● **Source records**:
—————
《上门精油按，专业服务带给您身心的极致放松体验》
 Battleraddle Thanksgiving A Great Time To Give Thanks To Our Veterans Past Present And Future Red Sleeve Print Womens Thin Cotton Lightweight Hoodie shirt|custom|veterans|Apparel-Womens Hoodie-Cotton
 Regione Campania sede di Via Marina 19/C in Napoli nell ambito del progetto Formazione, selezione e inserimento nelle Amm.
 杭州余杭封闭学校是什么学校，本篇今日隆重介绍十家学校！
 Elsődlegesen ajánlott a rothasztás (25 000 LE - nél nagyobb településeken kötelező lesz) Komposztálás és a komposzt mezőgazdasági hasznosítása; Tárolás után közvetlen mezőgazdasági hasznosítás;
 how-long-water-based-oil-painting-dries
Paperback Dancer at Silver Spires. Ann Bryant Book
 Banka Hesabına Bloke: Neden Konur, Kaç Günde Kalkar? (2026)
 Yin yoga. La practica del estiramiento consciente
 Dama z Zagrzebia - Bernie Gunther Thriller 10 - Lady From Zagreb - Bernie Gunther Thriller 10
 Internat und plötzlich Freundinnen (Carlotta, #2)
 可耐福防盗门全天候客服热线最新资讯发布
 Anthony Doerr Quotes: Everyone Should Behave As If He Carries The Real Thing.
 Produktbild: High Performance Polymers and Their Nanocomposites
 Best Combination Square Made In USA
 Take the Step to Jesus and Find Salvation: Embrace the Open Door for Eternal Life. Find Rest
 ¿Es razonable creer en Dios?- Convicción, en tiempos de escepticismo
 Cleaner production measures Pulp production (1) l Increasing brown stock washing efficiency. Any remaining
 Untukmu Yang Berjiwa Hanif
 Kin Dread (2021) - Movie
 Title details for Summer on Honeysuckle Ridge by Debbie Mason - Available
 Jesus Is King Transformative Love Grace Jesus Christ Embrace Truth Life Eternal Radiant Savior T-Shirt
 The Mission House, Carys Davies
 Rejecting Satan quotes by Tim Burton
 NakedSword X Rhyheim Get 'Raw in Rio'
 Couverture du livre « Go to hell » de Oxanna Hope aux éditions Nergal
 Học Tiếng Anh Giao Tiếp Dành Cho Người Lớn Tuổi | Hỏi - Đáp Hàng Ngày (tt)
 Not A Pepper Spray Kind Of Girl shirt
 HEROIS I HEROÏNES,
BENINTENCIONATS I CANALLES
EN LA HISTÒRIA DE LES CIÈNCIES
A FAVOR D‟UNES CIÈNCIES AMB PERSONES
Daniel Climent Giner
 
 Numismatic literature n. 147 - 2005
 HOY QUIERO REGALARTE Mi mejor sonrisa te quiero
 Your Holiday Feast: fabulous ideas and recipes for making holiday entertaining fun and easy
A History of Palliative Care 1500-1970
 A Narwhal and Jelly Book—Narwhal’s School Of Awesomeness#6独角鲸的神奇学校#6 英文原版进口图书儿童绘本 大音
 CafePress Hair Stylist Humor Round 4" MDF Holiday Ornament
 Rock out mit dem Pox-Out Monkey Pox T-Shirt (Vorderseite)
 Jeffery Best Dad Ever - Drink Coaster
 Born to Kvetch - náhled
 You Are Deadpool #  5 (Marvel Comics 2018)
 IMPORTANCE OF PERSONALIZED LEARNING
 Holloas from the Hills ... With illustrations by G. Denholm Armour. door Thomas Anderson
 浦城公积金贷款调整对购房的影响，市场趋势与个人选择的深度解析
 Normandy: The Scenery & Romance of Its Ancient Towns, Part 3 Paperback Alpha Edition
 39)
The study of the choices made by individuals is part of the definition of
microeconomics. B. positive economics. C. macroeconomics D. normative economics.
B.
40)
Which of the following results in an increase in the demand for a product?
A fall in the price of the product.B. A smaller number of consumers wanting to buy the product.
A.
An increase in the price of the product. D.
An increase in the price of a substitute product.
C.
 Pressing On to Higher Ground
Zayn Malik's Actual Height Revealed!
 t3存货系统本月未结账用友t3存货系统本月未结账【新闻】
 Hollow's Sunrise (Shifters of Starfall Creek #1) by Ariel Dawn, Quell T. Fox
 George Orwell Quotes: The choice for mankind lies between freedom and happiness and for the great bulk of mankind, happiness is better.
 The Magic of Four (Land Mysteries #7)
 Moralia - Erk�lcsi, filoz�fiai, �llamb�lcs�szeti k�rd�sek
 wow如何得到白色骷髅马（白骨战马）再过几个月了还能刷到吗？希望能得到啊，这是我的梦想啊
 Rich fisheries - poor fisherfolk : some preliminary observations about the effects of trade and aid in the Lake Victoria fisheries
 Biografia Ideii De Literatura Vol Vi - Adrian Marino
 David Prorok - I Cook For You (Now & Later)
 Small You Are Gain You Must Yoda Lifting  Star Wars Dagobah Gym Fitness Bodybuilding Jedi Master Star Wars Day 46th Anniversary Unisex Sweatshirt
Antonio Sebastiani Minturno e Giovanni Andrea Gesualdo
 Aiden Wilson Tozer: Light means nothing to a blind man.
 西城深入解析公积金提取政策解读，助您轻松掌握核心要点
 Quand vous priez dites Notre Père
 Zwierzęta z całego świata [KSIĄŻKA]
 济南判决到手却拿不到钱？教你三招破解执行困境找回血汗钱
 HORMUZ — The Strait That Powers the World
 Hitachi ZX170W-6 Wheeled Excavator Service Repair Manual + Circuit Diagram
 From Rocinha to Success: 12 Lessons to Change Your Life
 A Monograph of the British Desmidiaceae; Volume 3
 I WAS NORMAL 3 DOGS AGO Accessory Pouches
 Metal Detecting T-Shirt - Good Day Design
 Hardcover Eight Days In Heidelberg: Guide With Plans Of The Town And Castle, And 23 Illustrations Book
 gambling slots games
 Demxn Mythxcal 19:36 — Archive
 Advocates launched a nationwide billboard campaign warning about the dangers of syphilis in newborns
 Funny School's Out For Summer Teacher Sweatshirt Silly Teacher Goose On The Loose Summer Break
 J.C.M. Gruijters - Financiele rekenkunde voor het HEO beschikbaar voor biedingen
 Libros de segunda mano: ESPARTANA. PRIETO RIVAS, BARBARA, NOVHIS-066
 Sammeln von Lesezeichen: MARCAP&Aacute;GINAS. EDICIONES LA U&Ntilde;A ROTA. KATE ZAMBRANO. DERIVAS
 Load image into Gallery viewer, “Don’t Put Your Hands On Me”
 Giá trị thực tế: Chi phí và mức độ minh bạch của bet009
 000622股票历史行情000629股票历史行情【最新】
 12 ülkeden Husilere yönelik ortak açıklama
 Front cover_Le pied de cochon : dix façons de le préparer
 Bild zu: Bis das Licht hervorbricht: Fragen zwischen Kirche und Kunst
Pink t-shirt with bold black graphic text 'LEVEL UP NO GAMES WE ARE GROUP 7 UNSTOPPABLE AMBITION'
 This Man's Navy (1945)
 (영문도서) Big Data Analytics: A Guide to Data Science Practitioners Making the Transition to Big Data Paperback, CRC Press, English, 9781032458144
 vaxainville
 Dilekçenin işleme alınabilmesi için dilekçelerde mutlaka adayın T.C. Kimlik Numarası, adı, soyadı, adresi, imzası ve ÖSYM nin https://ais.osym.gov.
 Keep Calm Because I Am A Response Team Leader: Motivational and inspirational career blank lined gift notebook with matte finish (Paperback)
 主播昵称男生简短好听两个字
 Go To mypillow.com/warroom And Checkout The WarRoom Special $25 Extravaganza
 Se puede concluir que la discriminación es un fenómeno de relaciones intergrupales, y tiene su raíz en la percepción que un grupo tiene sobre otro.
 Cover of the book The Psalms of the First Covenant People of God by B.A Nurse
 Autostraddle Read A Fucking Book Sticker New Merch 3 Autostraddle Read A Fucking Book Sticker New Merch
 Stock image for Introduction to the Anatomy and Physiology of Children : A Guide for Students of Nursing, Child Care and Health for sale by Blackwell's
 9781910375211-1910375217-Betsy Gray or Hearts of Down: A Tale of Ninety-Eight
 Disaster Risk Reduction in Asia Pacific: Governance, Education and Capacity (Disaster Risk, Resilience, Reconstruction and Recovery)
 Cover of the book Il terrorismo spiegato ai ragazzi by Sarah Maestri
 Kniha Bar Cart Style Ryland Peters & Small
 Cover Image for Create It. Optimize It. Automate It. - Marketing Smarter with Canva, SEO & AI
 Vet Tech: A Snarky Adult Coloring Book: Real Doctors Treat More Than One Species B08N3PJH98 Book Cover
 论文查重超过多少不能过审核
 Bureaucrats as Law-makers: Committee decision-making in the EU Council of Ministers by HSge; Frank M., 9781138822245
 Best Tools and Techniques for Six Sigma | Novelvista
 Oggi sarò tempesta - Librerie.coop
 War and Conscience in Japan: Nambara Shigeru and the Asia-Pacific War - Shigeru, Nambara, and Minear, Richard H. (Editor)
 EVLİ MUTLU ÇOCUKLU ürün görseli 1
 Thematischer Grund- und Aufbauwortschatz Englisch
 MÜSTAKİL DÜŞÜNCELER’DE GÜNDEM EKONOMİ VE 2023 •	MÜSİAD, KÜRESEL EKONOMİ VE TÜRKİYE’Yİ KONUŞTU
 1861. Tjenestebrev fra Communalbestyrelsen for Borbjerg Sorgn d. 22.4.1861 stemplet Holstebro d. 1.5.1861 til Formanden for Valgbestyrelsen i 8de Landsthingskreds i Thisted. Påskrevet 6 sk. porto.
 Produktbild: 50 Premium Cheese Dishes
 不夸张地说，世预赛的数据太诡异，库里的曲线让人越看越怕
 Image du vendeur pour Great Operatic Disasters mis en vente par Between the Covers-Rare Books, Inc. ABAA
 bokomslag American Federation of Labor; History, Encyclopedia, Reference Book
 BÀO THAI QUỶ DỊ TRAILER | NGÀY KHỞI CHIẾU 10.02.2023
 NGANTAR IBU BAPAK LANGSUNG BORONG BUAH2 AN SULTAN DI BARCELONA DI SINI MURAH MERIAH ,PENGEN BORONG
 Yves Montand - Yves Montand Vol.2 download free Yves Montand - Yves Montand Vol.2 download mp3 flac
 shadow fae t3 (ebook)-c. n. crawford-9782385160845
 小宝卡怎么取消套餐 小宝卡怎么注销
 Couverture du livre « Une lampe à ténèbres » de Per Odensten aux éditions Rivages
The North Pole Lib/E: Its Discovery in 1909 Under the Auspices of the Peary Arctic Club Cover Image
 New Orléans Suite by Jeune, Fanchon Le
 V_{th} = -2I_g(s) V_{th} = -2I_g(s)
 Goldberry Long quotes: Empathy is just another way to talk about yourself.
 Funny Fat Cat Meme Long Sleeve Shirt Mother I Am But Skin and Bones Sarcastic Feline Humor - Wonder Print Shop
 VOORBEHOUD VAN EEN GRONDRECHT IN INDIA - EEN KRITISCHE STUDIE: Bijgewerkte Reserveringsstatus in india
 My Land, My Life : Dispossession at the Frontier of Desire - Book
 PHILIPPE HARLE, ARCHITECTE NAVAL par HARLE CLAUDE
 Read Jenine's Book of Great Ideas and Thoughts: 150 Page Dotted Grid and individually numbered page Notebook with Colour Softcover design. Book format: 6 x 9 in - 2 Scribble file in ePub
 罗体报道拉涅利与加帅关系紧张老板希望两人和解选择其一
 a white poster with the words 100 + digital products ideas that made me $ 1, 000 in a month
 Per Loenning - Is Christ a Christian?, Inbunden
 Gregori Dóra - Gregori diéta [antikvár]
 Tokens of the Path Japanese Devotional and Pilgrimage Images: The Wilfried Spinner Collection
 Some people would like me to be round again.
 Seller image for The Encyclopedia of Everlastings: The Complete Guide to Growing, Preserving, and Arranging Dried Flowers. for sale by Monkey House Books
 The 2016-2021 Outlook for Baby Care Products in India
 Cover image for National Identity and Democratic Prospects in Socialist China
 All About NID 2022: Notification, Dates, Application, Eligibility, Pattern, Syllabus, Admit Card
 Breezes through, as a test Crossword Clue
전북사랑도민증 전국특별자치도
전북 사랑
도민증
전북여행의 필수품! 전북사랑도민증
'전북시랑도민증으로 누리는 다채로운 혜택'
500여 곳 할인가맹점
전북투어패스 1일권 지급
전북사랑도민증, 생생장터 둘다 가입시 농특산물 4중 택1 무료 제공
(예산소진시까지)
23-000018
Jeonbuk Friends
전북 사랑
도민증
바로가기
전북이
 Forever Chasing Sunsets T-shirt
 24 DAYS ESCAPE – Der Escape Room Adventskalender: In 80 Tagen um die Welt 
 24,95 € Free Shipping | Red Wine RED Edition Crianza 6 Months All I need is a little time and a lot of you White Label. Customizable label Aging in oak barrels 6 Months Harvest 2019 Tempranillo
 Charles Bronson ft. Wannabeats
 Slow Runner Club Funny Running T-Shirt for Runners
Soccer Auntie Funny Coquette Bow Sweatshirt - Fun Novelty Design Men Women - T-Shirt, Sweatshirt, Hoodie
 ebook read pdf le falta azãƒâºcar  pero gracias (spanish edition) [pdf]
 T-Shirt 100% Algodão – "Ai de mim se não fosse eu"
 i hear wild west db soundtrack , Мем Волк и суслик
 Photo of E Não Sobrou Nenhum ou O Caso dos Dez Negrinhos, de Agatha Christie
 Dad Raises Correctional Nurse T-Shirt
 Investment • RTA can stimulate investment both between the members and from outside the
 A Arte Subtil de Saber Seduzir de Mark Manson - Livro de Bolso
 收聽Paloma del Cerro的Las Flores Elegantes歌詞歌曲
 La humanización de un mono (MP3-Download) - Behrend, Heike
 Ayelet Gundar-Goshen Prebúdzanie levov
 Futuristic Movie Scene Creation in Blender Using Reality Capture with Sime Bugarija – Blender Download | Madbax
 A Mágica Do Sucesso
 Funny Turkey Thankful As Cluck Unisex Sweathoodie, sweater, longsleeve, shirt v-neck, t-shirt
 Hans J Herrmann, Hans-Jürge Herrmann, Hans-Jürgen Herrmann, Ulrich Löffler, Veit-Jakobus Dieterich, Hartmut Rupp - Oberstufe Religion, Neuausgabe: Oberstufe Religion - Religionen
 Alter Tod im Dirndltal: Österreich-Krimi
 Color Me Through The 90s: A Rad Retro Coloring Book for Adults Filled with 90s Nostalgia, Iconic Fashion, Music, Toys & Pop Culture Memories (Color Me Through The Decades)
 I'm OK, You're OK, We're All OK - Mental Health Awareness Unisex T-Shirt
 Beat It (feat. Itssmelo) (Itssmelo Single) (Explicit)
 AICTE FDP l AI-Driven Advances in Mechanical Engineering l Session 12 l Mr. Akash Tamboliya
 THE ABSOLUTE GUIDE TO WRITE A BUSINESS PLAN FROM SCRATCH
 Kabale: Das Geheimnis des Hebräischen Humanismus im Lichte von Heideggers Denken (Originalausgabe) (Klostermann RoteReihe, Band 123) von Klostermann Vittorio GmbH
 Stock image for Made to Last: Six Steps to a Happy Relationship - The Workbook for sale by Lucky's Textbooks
—————
● **Problem description**: Go through the data above and return each line containing the string "CIÈNCIES".

● **Completed task**:
EN LA HISTÒRIA DE LES CIÈNCIES
A FAVOR D‟UNES CIÈNCIES AMB PERSONES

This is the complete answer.